Advantages of Food Grade Stainless Steel
Food grade stainless steel is a common material used for manufacturing cutlery, utensils, and kitchen appliances. This type of steel has numerous benefits. Listed below are the most prominent benefits of this material.
This is among the most crucial benefit of stainless steel. It offers the required protection against oxidation and corrosion. Hence, the products like knives, spoons, and forks stay rust-free for a maximum period.
Besides, other types of kitchen equipment are also made of food-grade stainless steel. Since such equipment is costly, replacing it frequently won’t be a viable option. These items are easy to maintain and continue to serve for a longer than the expected duration.

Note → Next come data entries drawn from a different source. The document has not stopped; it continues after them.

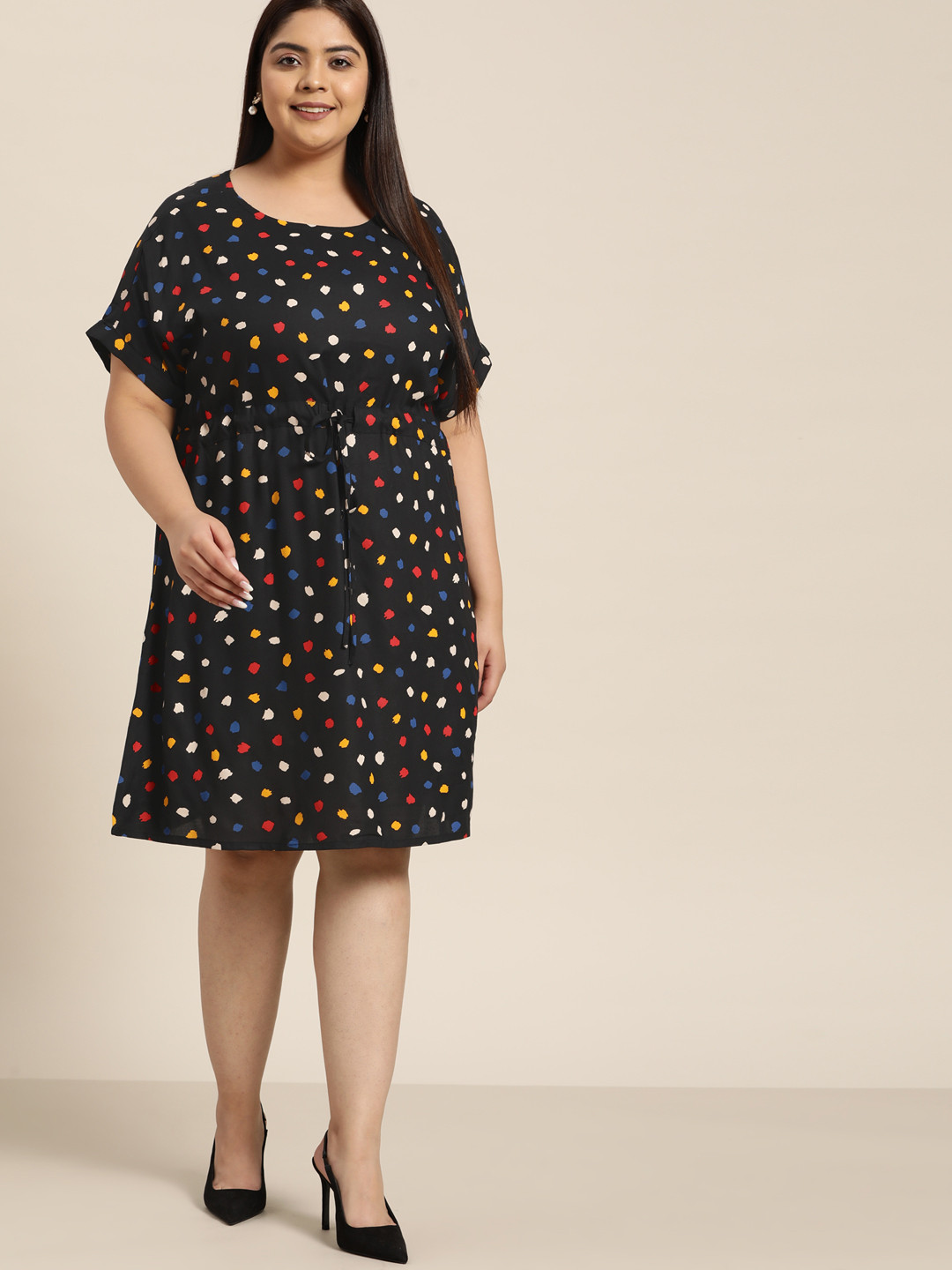 Sztori Women Plus Size Black & Red Kaftan Dress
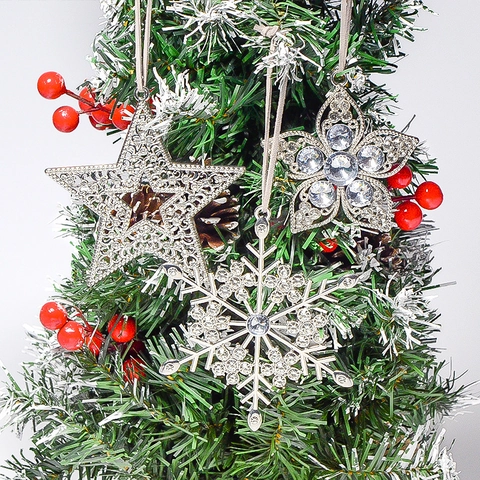 Glittering Rhinestone Alloy Christmas Hanging Ornament Snowflake Hollow Star Shape Festive Xmas Tree Holiday Decoration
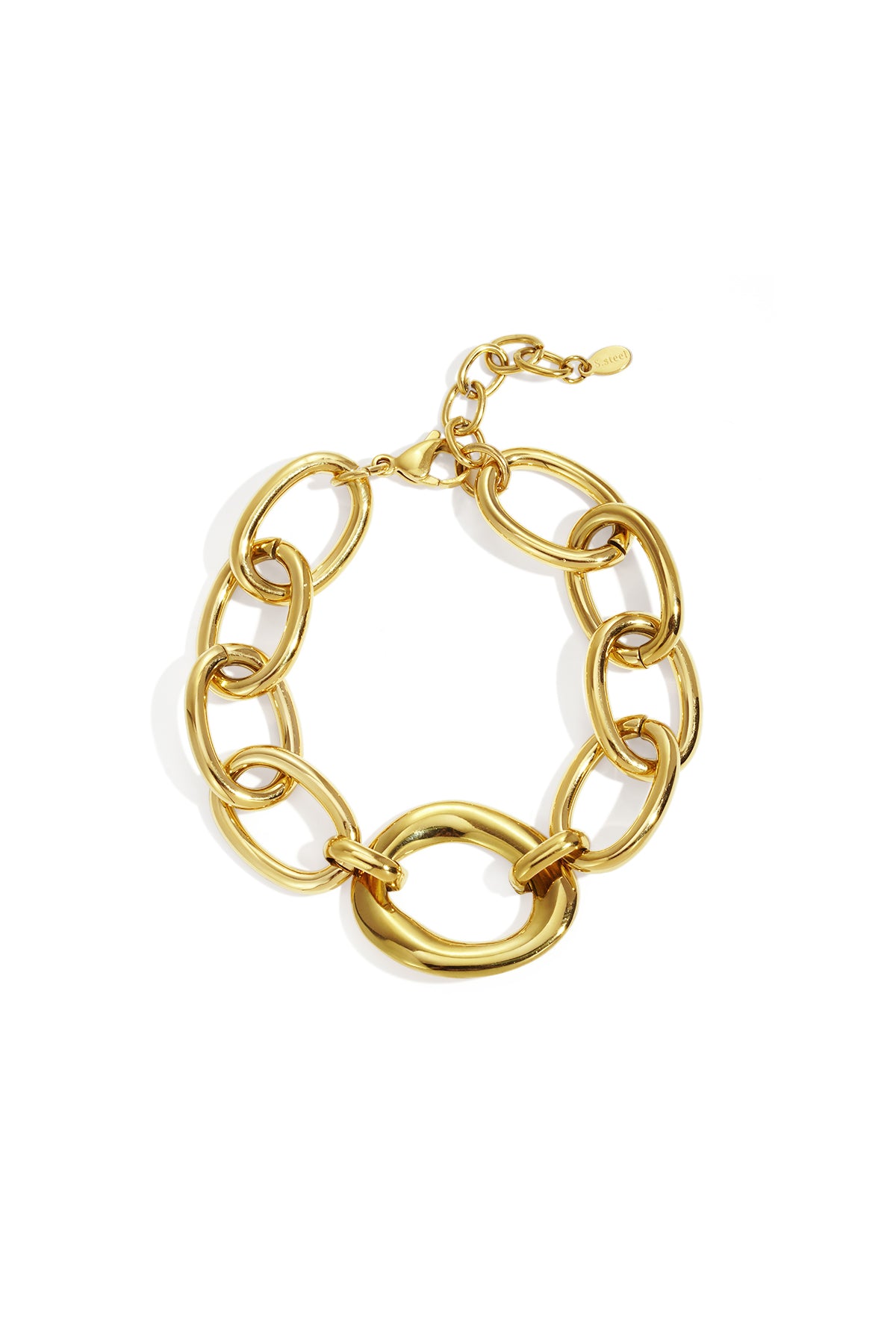 Statement Chain Bracelet – Two-Tone Gold & Silver Steel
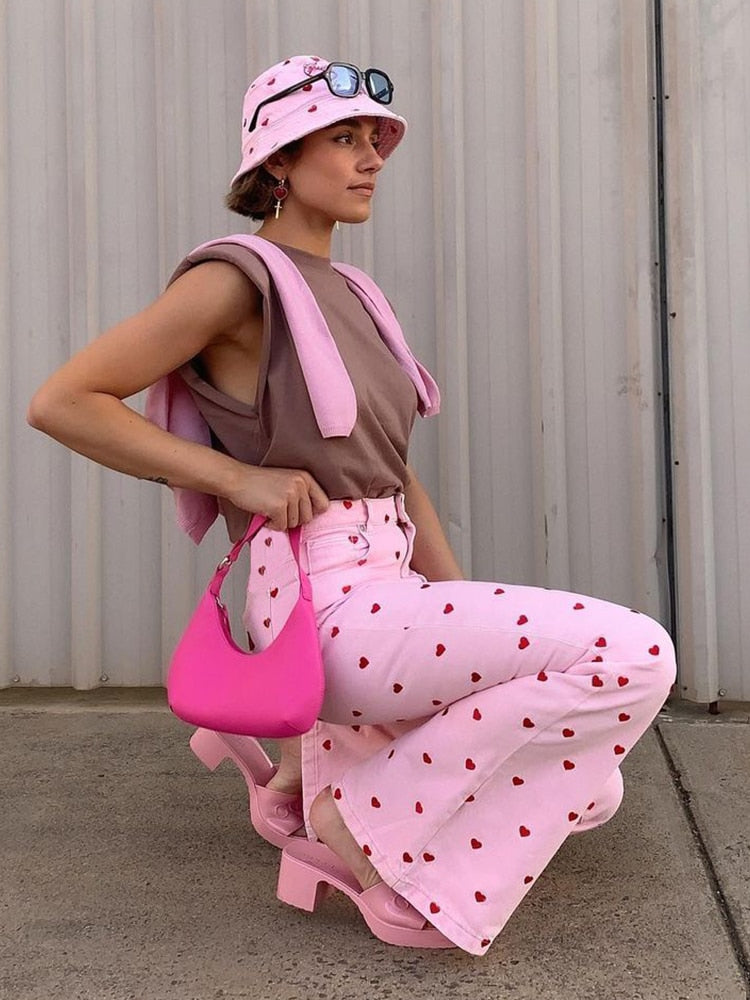 Sixsr  Fashion Trends Y2K Pink Pants Heart Printed Sweet Trousers Vintage Aesthetic Party Pants Pockets Joggers Festival Outfits Women New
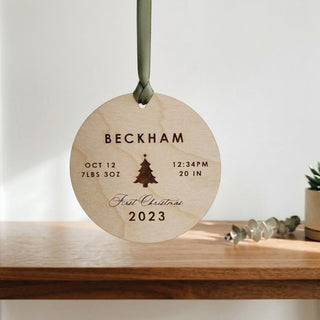 Personalized Stats Christmas Wood Ornament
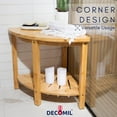 Bamboo Corner Shower Bench, Bathroom Shower Stool with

Cutlery made of stainless steel is safe to use, as this material is non-reactive. This suggests that it won’t undergo any chemical reaction when cooking different types of food items i.e. vinegar, tomatoes, and citrus. Some other options like iron and aluminum are reactive and can change the taste of cooked food.
Easy to Clean
Food-grade stainless steel is easy to clean. This is due to the clear and shiny finish of this material. On the contrary, cutlery and utensils made from plastic or wood are hard to clean. Asides, there are openings where bacteria can penetrate and grow. Hence, stainless steel is the most appropriate material.
When it comes to strength, food-grade stainless steel is among the strongest materials. The kitchen equipment made from this material offers extended durability. This is the reason why stainless steel is the most preferred material for building kitchen shelves and storage compartments.